### DATA PROVIDED
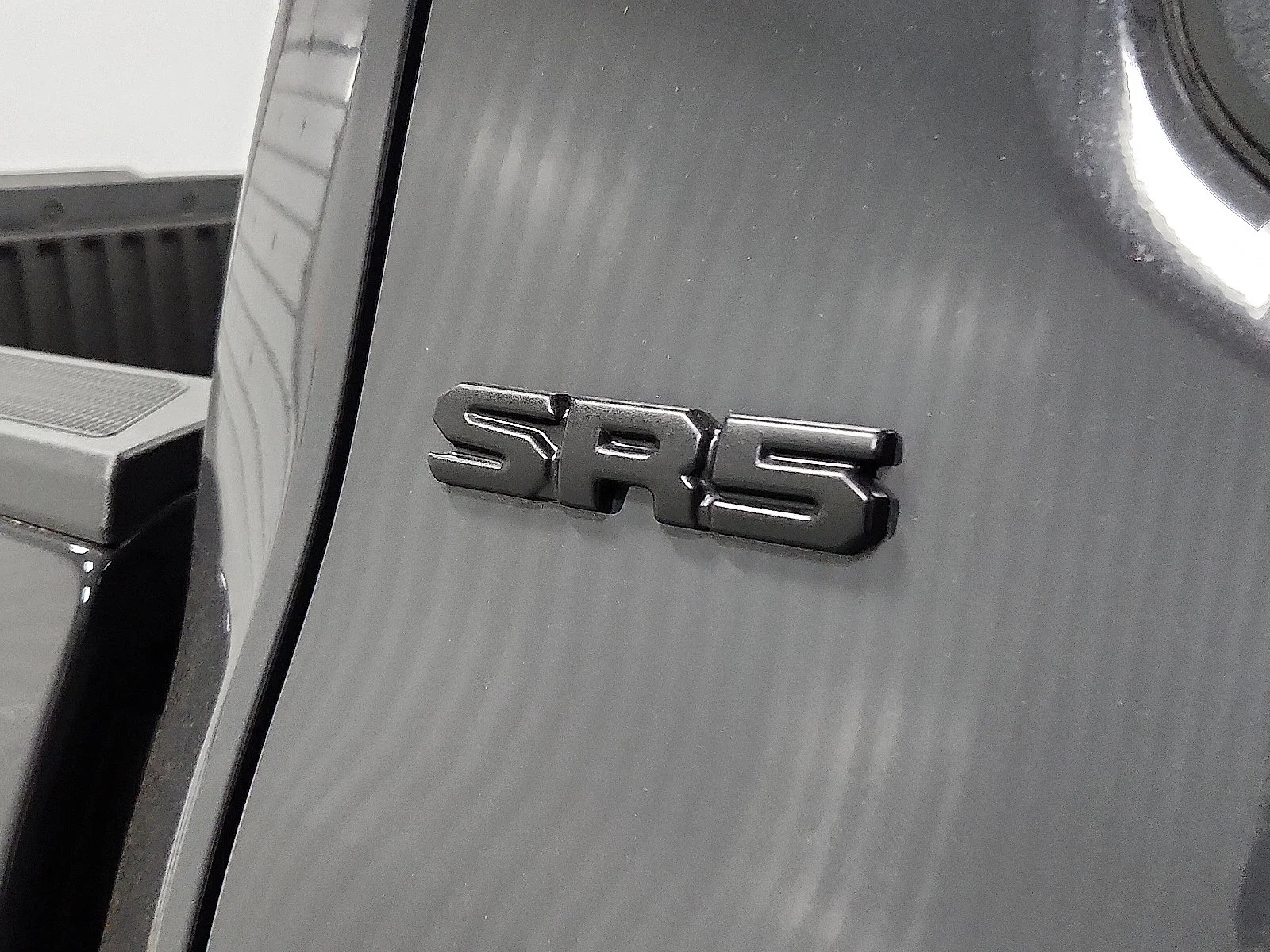 2025 Toyota Tacoma SR5 - Photo 18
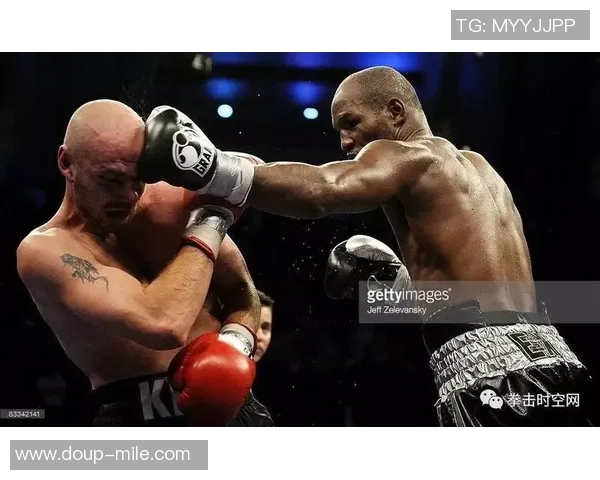 拳击史上年纪最大冠军“刽子手”霍普金斯：猜测保罗VS约书亚之战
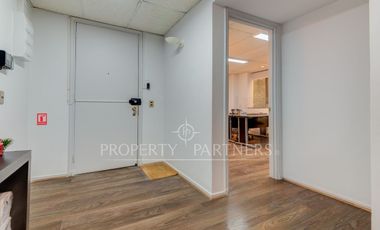 Metro Esc. Militar/Oficina con amplia zona de trabajo/ 4 privados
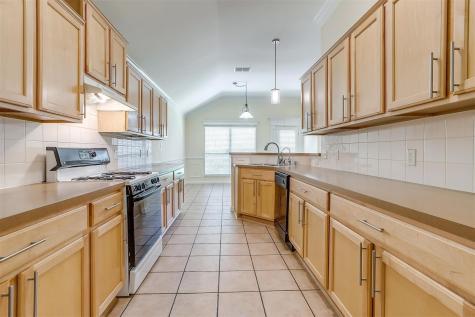 2708 Weslayan Drive Denton TX 76210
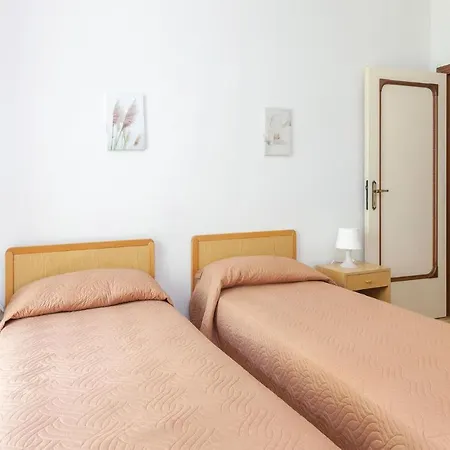 App. Garden Apartment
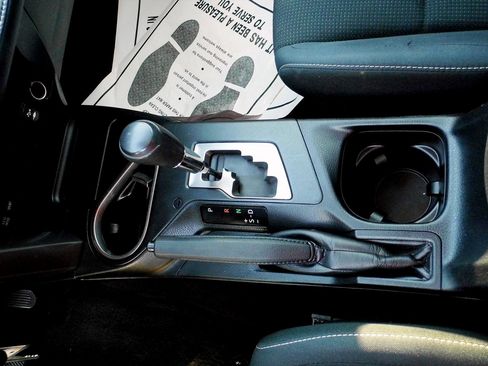 Used 2017 Toyota RAV4 XLE image 22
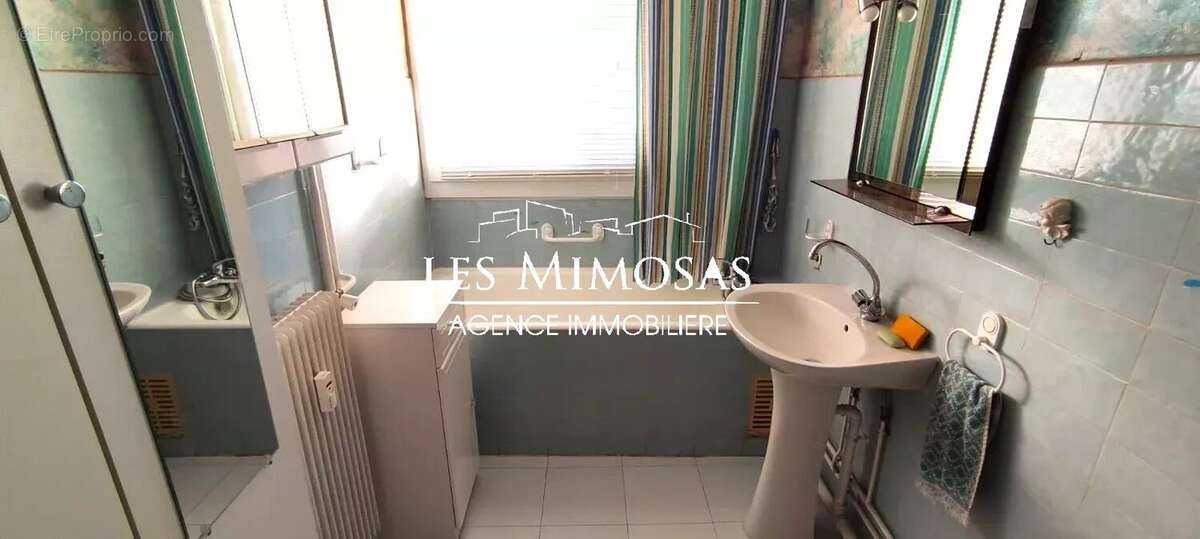 Appartement à FREJUS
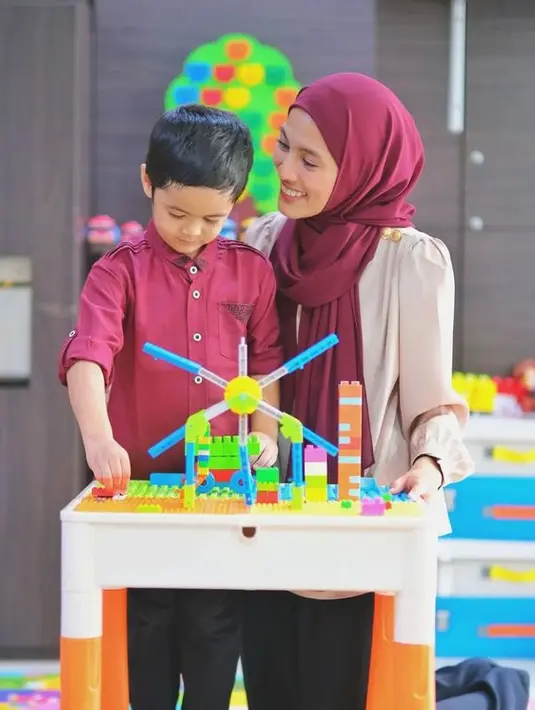 Sudah berusia 5 tahun, Malik memang tumbuh menjadi pribadi yang aktif dan juga ceria.(Instagram @ichaseobandono)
######
◆ DIRECTIONS FOR THIS TASK
A word-for-word repeat is expected of the lines from the one with "Appartement à FREJUS" to the end of the data, both included; pictures are not part of it.

◆ SOLUTION TO THE EXERCISE
 Appartement à FREJUS
 Sudah berusia 5 tahun, Malik memang tumbuh menjadi pribadi yang aktif dan juga ceria.(Instagram @ichaseobandono)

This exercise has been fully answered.